[What the task asks]
Below is a block of records; reproduce all of them exactly and leave out any pictures.

───── Given data ─────

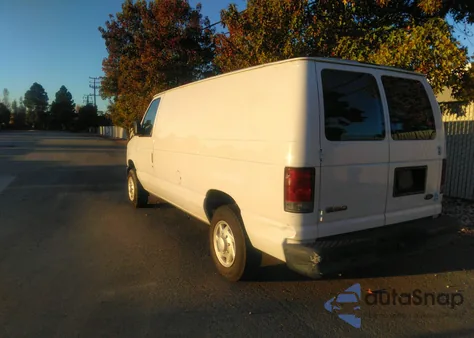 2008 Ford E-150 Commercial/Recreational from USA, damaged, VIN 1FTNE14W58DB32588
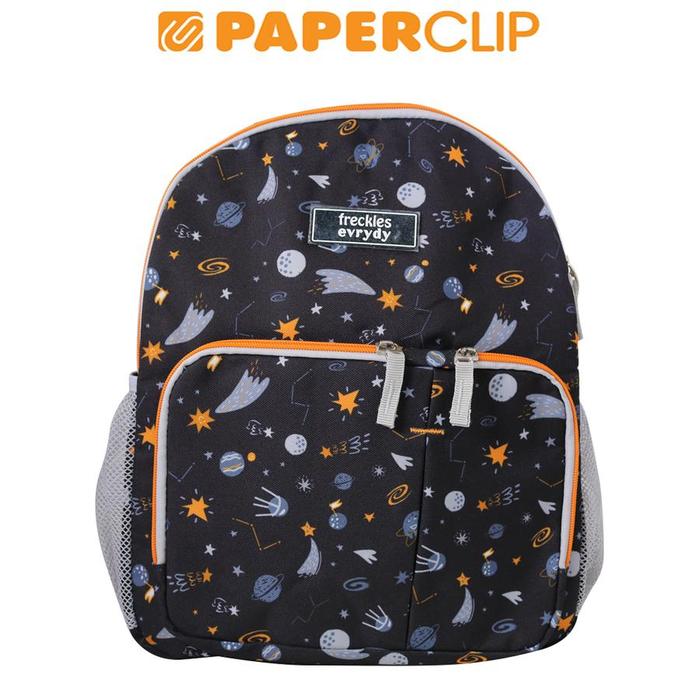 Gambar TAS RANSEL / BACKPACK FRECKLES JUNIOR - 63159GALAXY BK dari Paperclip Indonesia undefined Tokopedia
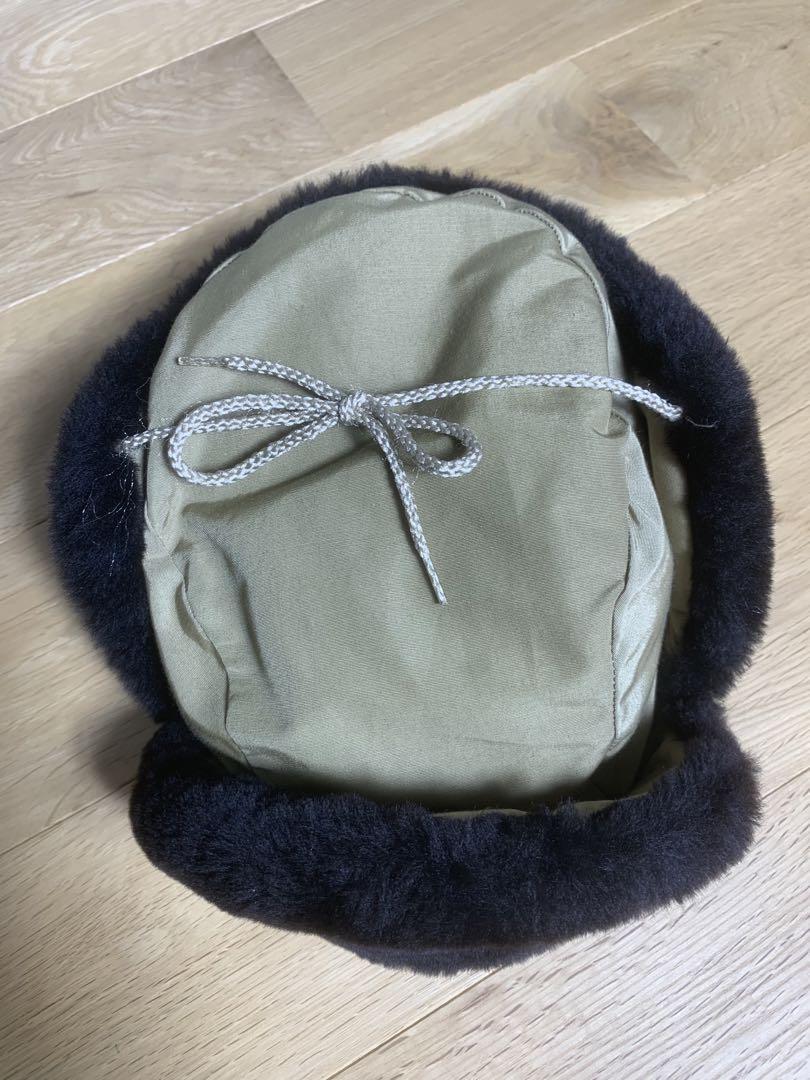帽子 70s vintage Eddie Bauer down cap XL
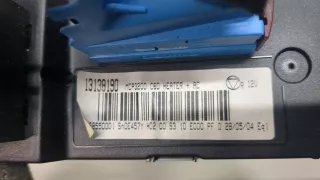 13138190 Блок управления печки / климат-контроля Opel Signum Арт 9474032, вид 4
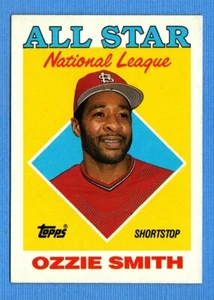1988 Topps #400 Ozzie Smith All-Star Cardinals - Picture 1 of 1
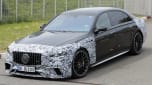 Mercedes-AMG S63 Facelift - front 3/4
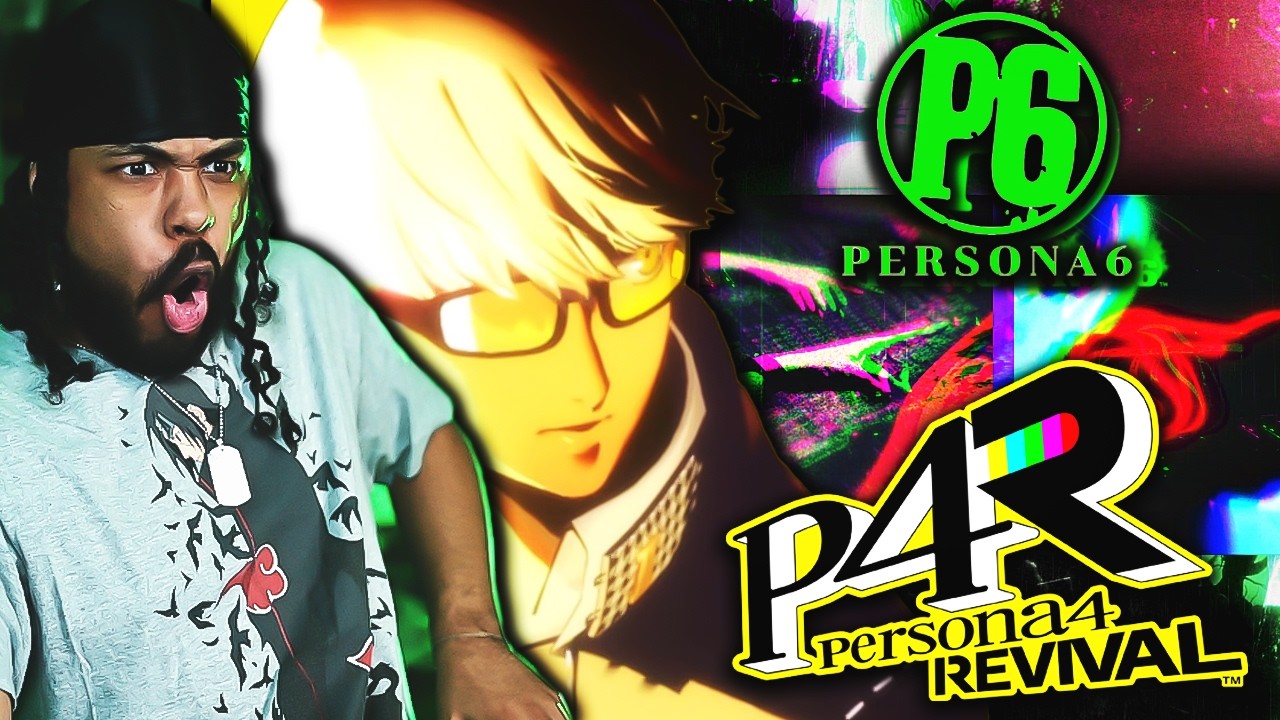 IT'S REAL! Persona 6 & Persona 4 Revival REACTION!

─────

[Result of this task]
 2008 Ford E-150 Commercial/Recreational from USA, damaged, VIN 1FTNE14W58DB32588
 Gambar TAS RANSEL / BACKPACK FRECKLES JUNIOR - 63159GALAXY BK dari Paperclip Indonesia undefined Tokopedia
帽子 70s vintage Eddie Bauer down cap XL
 13138190 Блок управления печки / климат-контроля Opel Signum Арт 9474032, вид 4
1988 Topps #400 Ozzie Smith All-Star Cardinals - Picture 1 of 1
 Mercedes-AMG S63 Facelift - front 3/4
 IT'S REAL! Persona 6 & Persona 4 Revival REACTION!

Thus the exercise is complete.